We have two 722k's in our home each conneted to two TV's. Currently one resident is using the TV connected to one receiver with the second TV on the receiver in her office. The other receiver is connected between two TVs in two adjacent bedrooms. This was the setup that we had the Dish installer use when he replaced our old receivers for the the 722k's. However, I record on the TV in my bedroom a lot during the same time that the resident in the other bedroom on the second receiver mentioned uses his TV while the office TV is always idle. My question is: Is there a way in the menu or the settings that I can swap the TV2's associated with each of the two receivers? I want to do this so that the second TV connected to the box in my bedroom is the office which is never used so that I can record two programs at once without affecting the other two residents.


----------



## [email protected] (Jan 19, 2011)

hoosier8706 said:


> We have two 722k's in our home each conneted to two TV's. Currently one resident is using the TV connected to one receiver with the second TV on the receiver in her office. The other receiver is connected between two TVs in two adjacent bedrooms. This was the setup that we had the Dish installer use when he replaced our old receivers for the the 722k's. However, I record on the TV in my bedroom a lot during the same time that the resident in the other bedroom on the second receiver mentioned uses his TV while the office TV is always idle.
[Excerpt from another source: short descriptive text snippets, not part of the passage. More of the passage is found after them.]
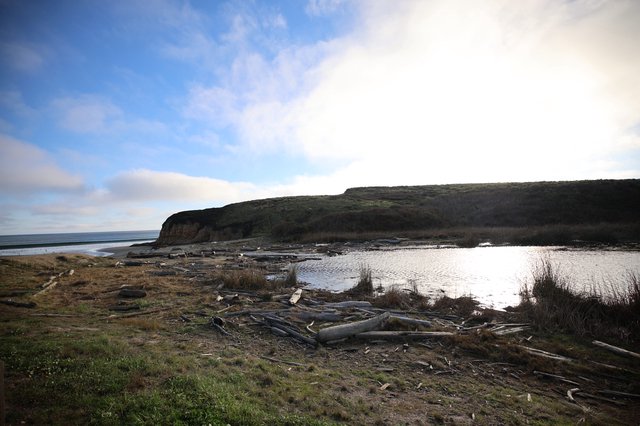 Coastal Wetland at Drakes Beach with Dramatic Headland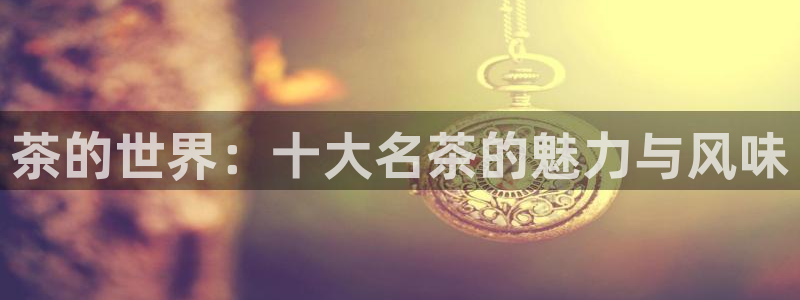 安信12级粉丝团福利
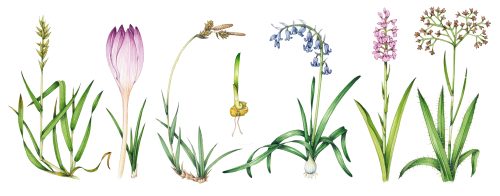 Botanical illustration from the Breckncockshire Flora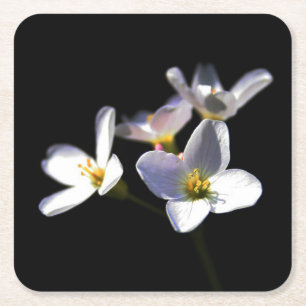 Cardamine Pratensis Flowers coastercnm Square Paper Coaster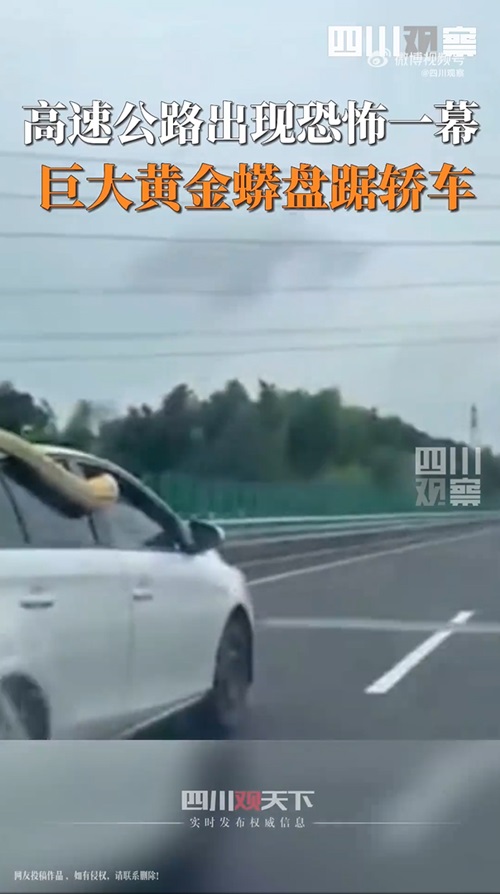 งูหลามเกาะรถ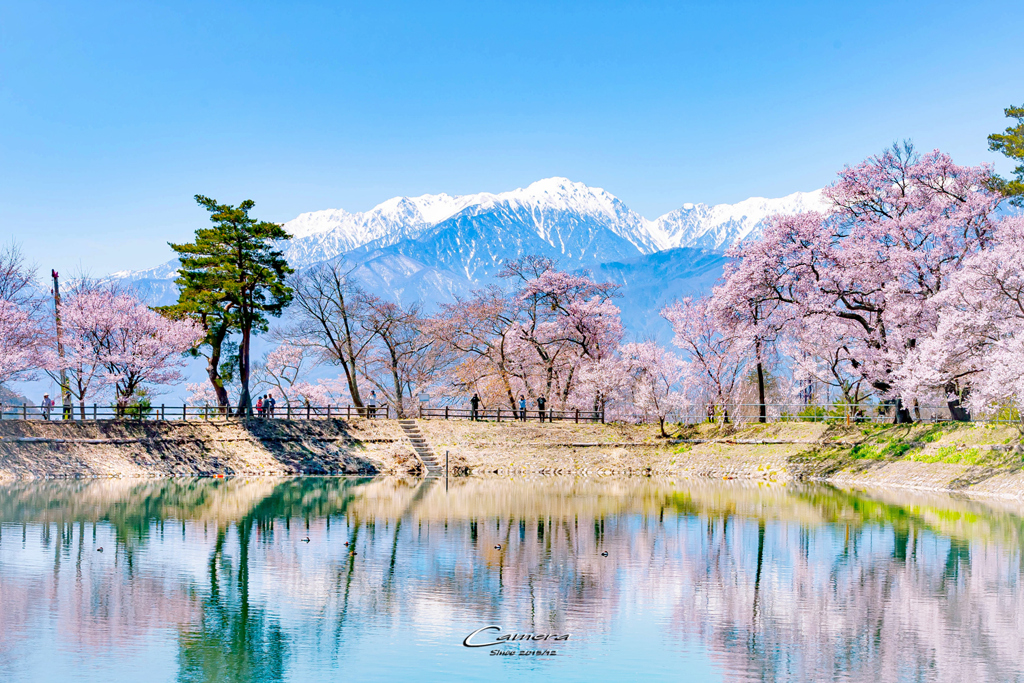 春の六道堤
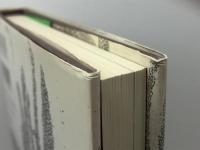 知の庭園: 19世紀パリの空間装置 筑摩書房 松浦 寿輝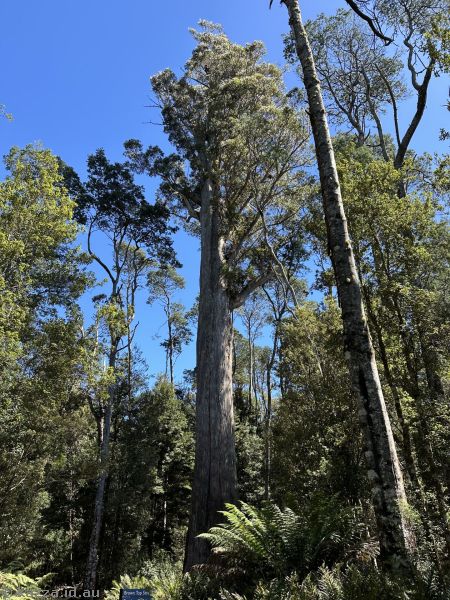 Big Tree - a brown top stringy bark (eucalyptus obliqua)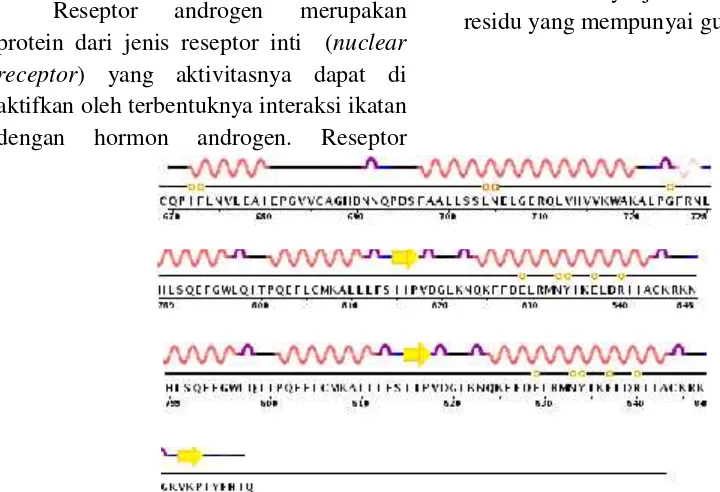 Gambar 2 Struktur sekunder reseptor androgen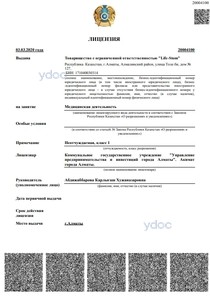 Лицензия Лицензия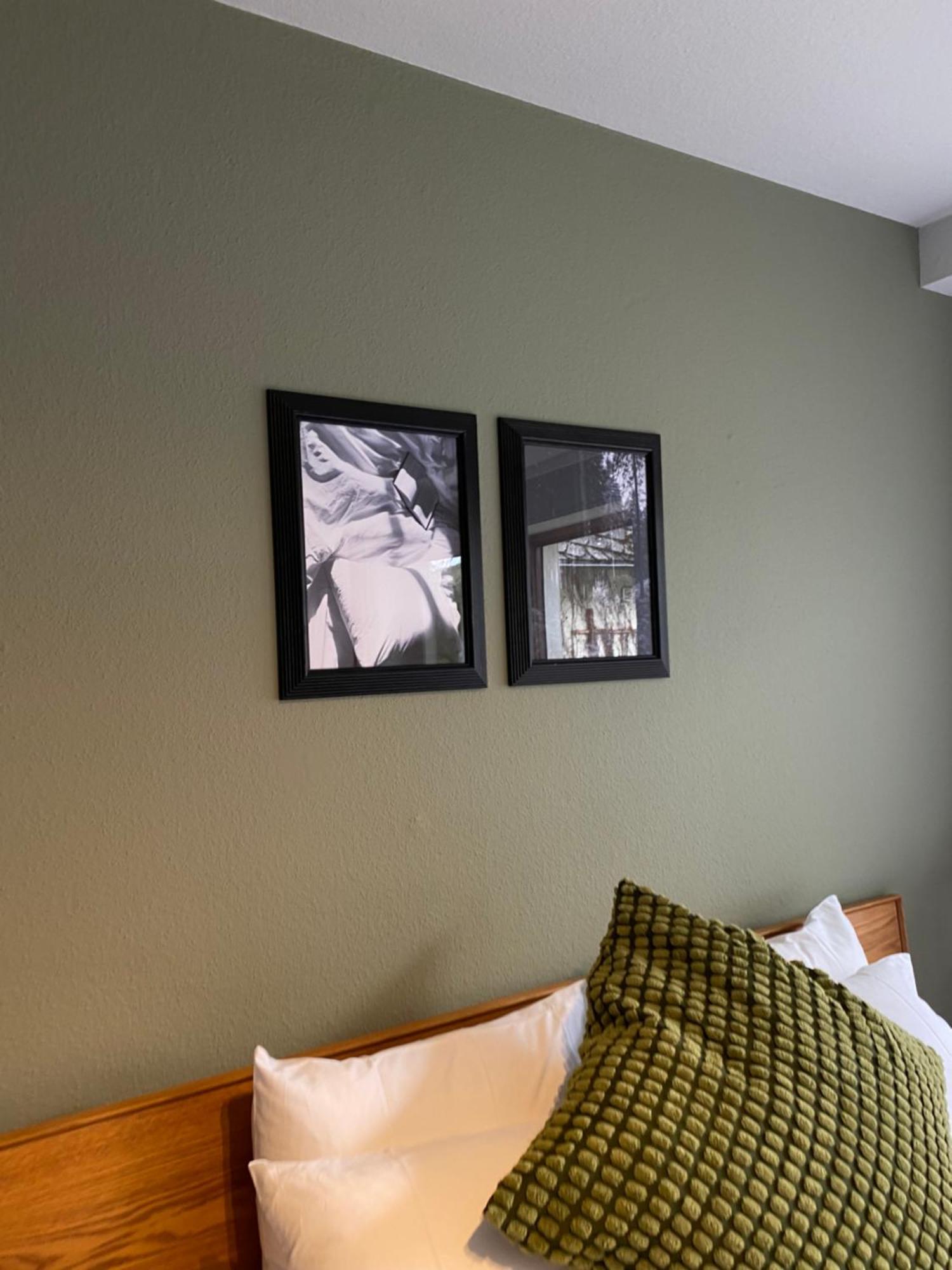 Black Forest Apartments Titisee Titisee-Neustadt Exterior foto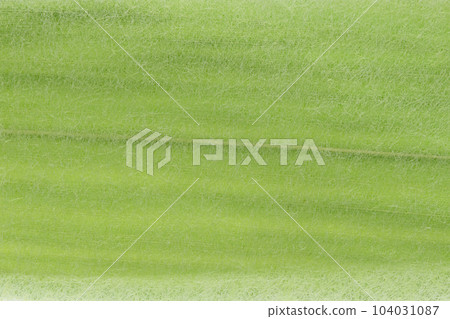 Lettuce green expression with Japanese paper and bamboo (background material) 104031087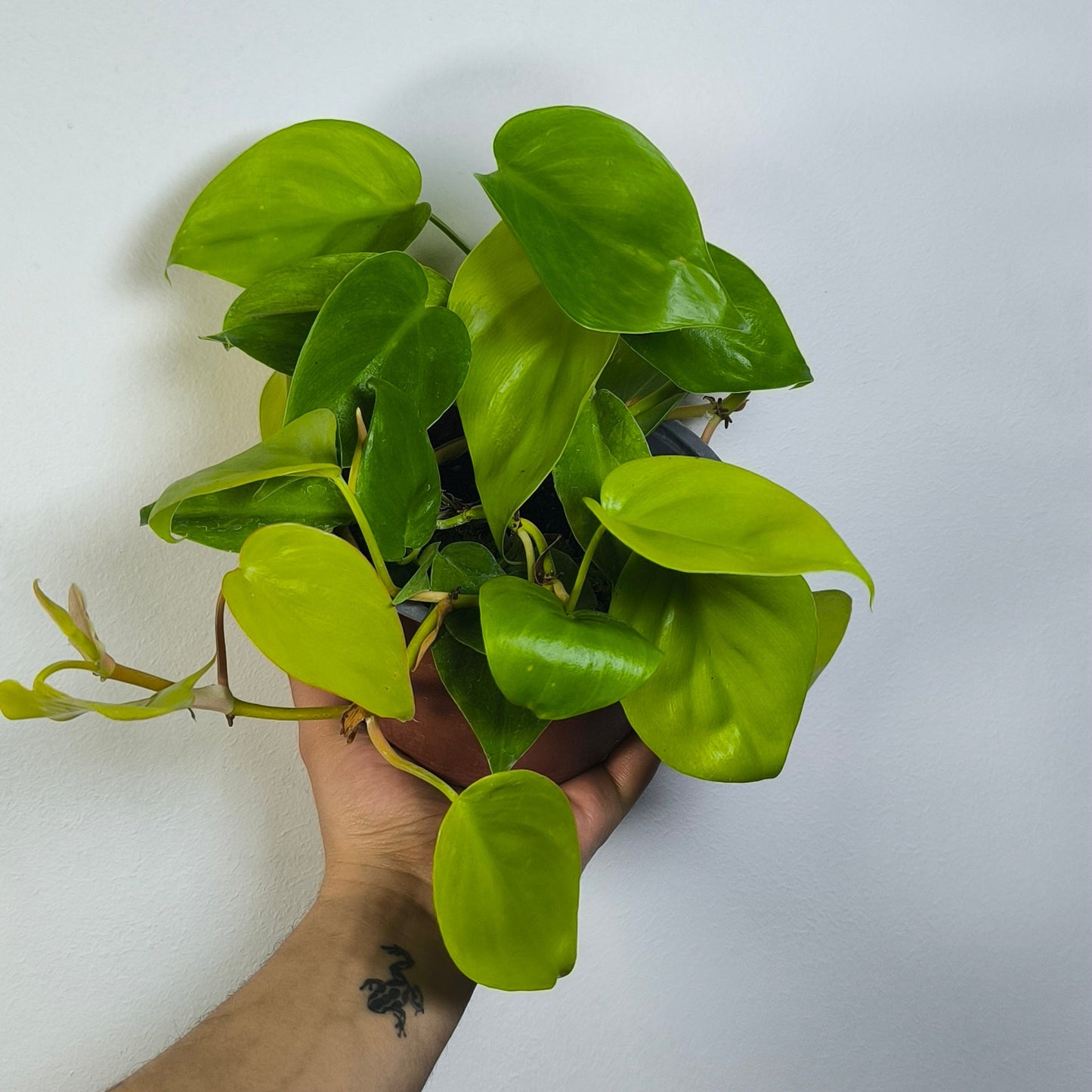 Philodendron Cordatum Lemon Lime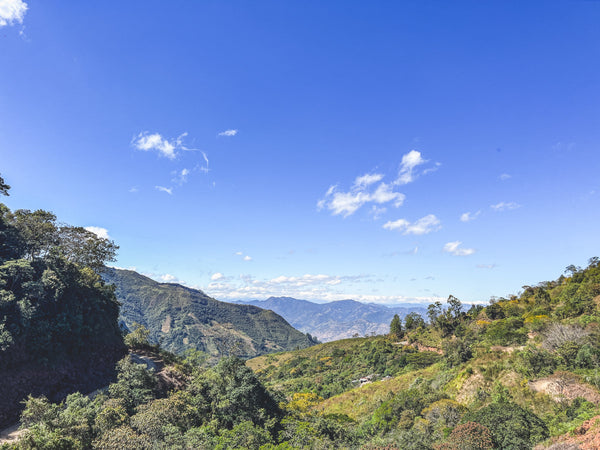 Scenic view of a mountainous landscape with green trees and a clear blue sky - Ecuador Loja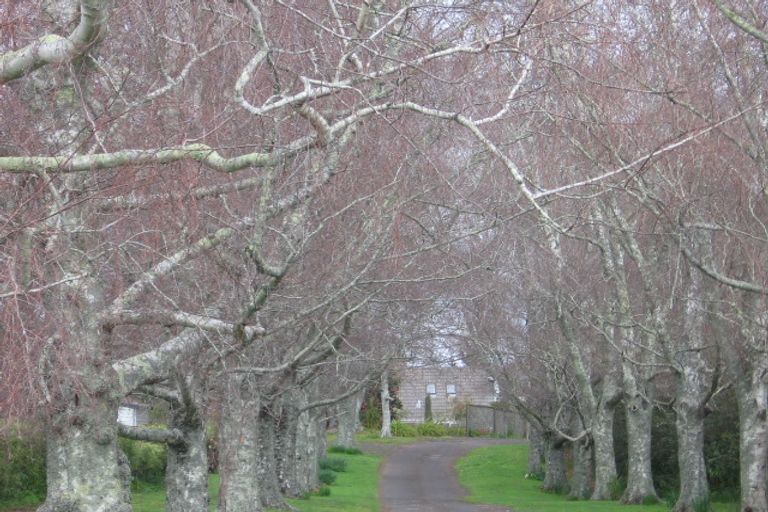 Photo of property in 9 Kings Avenue, Matua, Tauranga, 3110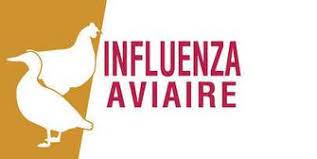 Prévention de l’influenza aviaire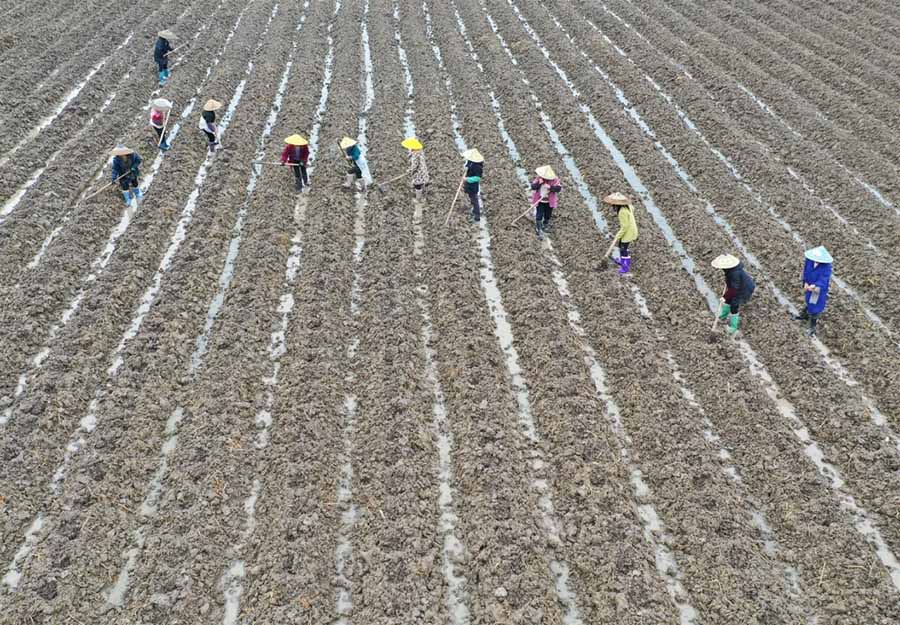 Drones entram no quotidiano dos chineses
My question is: Is there a way in the menu or the settings that I can swap the TV2's associated with each of the two receivers? I want to do this so that the second TV connected to the box in my bedroom is the office which is never used so that I can record two programs at once without affecting the other two residents.


There is no way to set a recording on one receiver for another receiver. You would have the change the wiring to switch the TV2 locations between receivers. You can add EHD's the receiver's. You can set the recordings in the office, move them to an EHD and then connect that EHD to your DVR and you will have access to the recordings. It would all be what will work best for you.


----------



## hoosier8706 (Sep 9, 2011)

Ok. Thank you for the help.


----------



## Jim148 (Jun 22, 2004)

Maybe you just need to run some more RG6 and add an A/B switch to the set. I am sure that you already know this, but you can have multiple sets connected. I actually have 6 televisions that are "TV2" in my system. And, of course, they can also select TV1 content as well. I do have remote controls for TV2 for those sets, but I only have two remote controls for "TV1". Every so often I will select TV1 content on one of the sets one level up or down and have to hunt down a TV1 remote control.


----------